To workaround the problem of external dependencies some popular gems (ex: nokogiri) have begun vendoring their external dependencies directly into the gem and building both the C library and any C extensions during installation. There are two downsides to this approach:

  1. Increased compilation time.
  2. Security Advisories: each time a new security advisory is published for the vendored library, the gem maintainer has to update the vendored copy of the C library, publish an updated version of the gem, and then publish their own security advisory warning users that the previous versions of their gem contains a vulnerable copy of the vendored library.

The Proposal

It should be possible to list the external dependencies required by a gem and have rubygems automatically install them from the system's package manager during the installation process.

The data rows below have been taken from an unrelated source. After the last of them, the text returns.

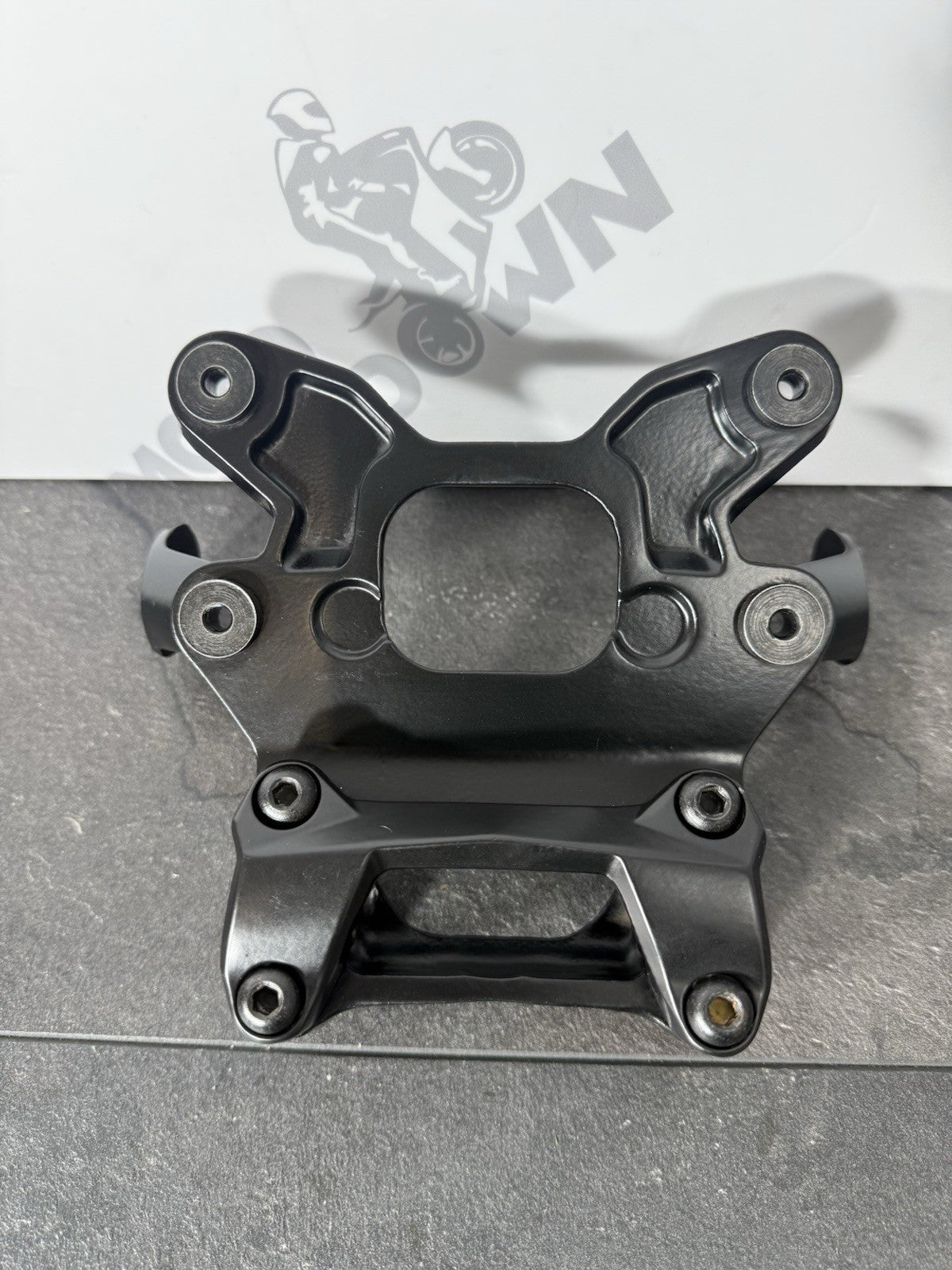 5df48ca5-b615-4af8-b344-330f76bd3ea8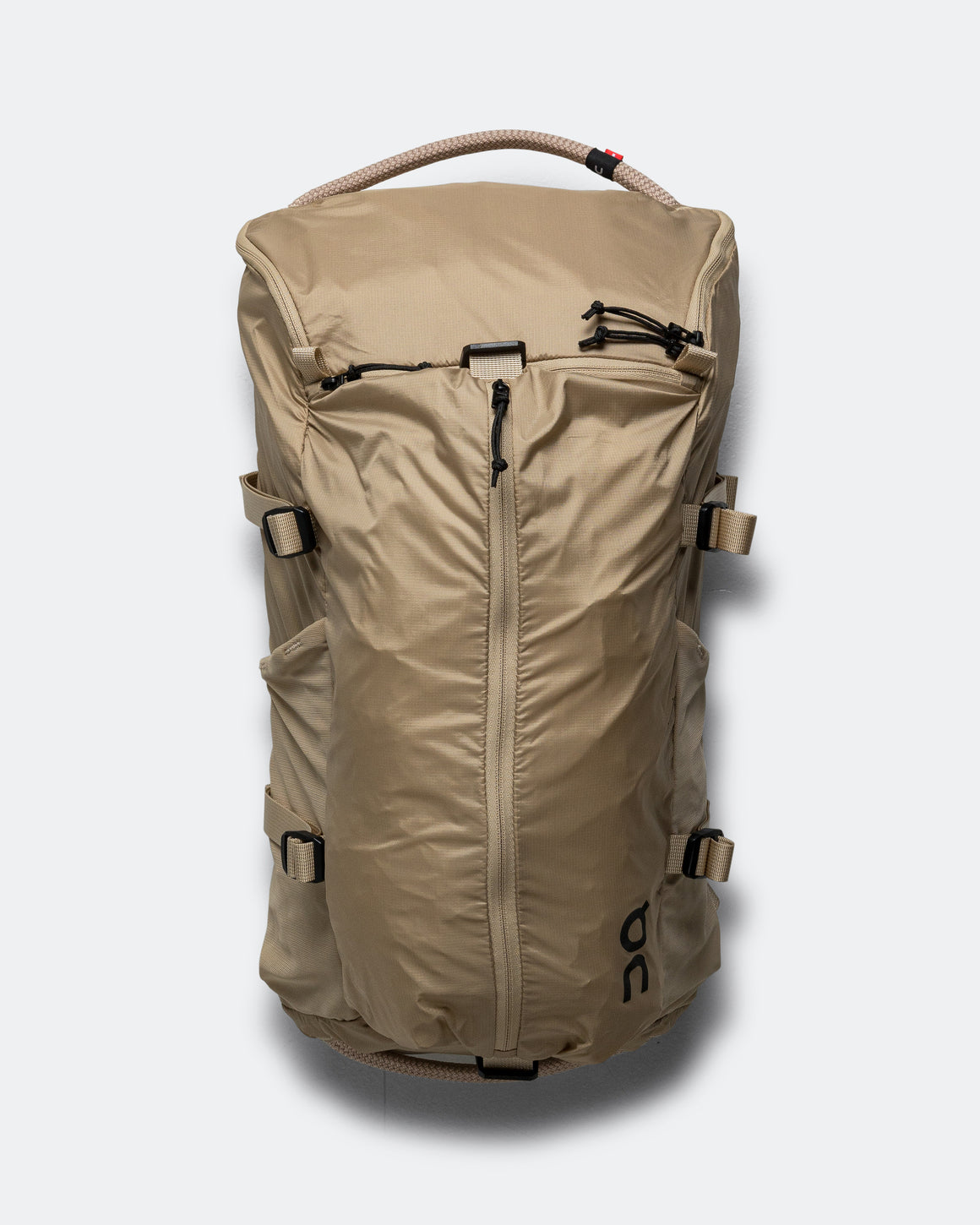 On Running - Speed Pack 18L Lite - Sand - Up There Athletics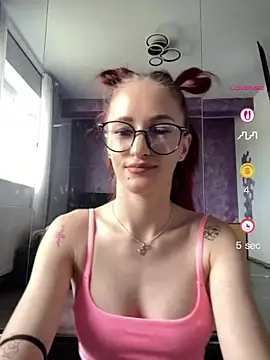 Snapshot of Roxyfoxyyy chatting on May 21, 2026, 5:47 am Roxyfoxyyy online show from May 21, 2026, 5:47 am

This external_dependencies metadata could be embedded in the gemspec's metadata attribute. In order to support naming differences between different package managers, the package names for the external dependencies would need to be listed for each popular package manager.

Example:

  gemspec.metadata['external_dependencies'] = {
    'apt'  => %w[libsqlite3-dev],
    'dnf'  => %w[sqlite-devel],
    'brew' => %w[sqlite],
    # ...
  }

Sub-Proposal 1

If only one external dependency needs to be specified, then the values of the external_dependencies Hash could also be single package name Strings which would later be automatically coerced into an Array:

Example:

  gemspec.metadata['external_dependencies'] = {
    'apt'  => 'libsqlite3-dev',
    'dnf'  => 'sqlite-devel',
    'brew' => 'sqlite',
    # ...
  }

However, this might be a bit confusing?

Sub-Proposal 2

If all of the package names are the same for each package manager, then external_dependencies could be specified as an Array of Strings:

Example:

  gemspec.metadata['external_dependencies'] = %w[nmap]

Caveats

Detecting the System's Package Manager

Multiple package managers may be installed on the same system. In order to determine the primary system package manager, the system's package manager can be selected based on the OS/distro/flavor.

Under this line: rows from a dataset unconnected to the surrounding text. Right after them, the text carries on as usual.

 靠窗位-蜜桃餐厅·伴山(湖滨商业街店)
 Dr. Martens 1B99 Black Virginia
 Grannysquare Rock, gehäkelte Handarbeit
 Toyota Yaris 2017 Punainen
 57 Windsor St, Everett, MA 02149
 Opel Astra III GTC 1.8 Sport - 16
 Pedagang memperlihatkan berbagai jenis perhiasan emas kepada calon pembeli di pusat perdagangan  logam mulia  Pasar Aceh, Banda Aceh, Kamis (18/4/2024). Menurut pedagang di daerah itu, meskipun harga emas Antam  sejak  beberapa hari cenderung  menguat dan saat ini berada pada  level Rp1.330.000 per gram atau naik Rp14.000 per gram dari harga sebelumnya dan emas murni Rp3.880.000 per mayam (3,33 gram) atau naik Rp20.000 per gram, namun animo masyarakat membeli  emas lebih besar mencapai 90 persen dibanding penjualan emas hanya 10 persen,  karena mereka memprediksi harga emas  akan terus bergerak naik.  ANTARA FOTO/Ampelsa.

macOS is a unique edge-case since it does not have a default package manager. So there should be a prioritized list of macOS package managers to check for in order of popularity:

  1. brew
  2. ports

Security Concerns

If gems can specify packages names that will be installed via an apt-get install or brew install command, special concern should be made to prevent arbitrary command injection. system() with multiple arguments (ex: system('apt-get','install',...) or Shellwords.shellescape must be used to prevent command injection.

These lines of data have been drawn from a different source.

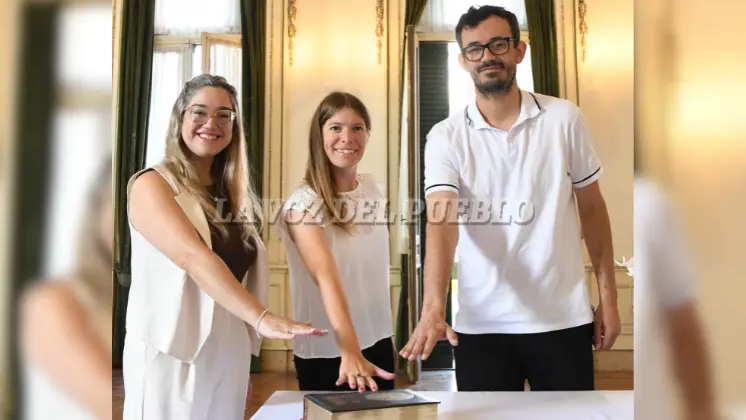 Juraron como consejeros escolares Gisela Príncipe, Vanesa Fernández y José Luis Montes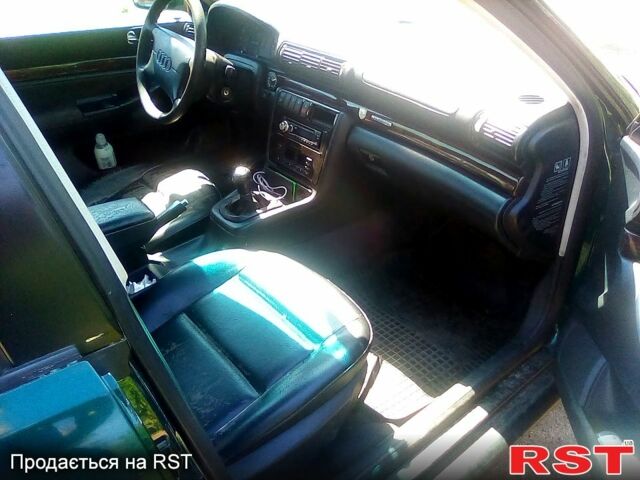 Ауди А4, объемом двигателя 18 л и пробегом 430 тыс. км за 2500 $, фото 2 на Automoto.ua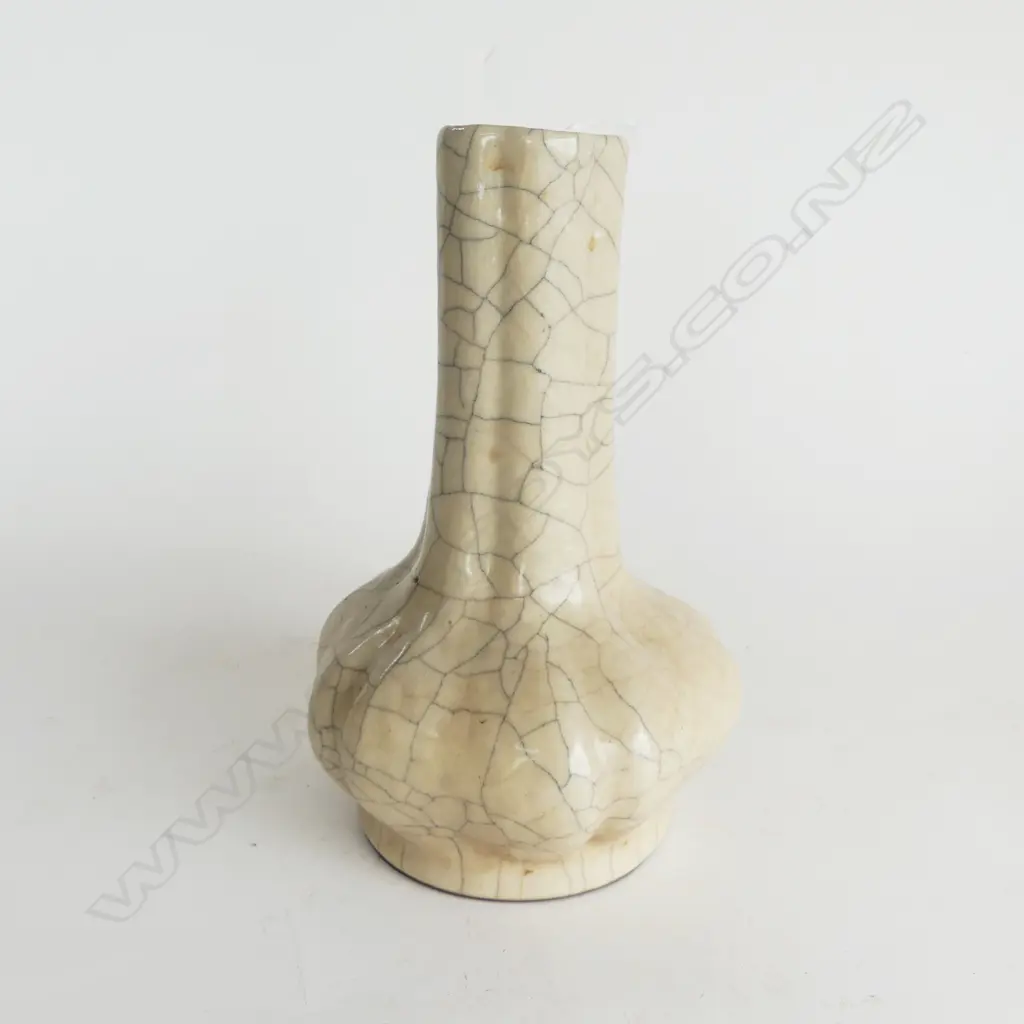 CHINESE CRACKLE GLAZE VASE H.230mm Image 1++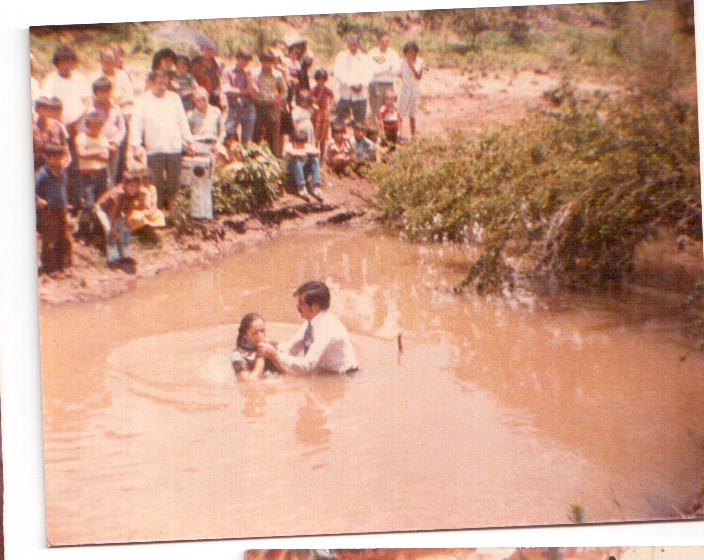 Archivo:Jesus martinez bautismando.jpg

In order to prevent option injection via the gemspec's package names, an argument of '--' or '-' can be specified before the package names to prematurely terminate option parsing and prevent the package names, so that they are not accidentally parsed as options.

Configurability

Some users may wish to customize which package manager is used on their system, if they have multiple package managers installed alongside each other. It may be necessary to add a configuration option or environment variable to control which package manager is used by default. Although, this feature request seems to be very rare.

Possible Deprecations

If we allow annotating the external dependencies and automatically installing them along with the gem, the gemspec's requirements attribute might no longer be necessary and could be deprecated in the future?

Previous Work

@byroot
Copy link

byroot commented Sep 13, 2022

Security Concerns

Should rubygems/bundler even attempt to install the package automatically though? On most systems that would require elevated permissions, which means a password prompt etc. And if you do a password prompt, you need to check whether you are in a TTY or not, otherwise you might hang forever etc.

IMHO just checking the package exists and giving a clear error message to the user with maybe the command to run should be enough, no?

@postmodern
Copy link
Author

@byroot this could be addressed by simply checking the return value of sudo and printing the appropriate error message, or checking $stdout.tty? and falling back to simply checking if the package is already installed and if not print an error message instructing to install the associated package name(s).

@kou
Copy link

kou commented Sep 13, 2022

Add a new mkfmf method called install_packages (or something similar) ...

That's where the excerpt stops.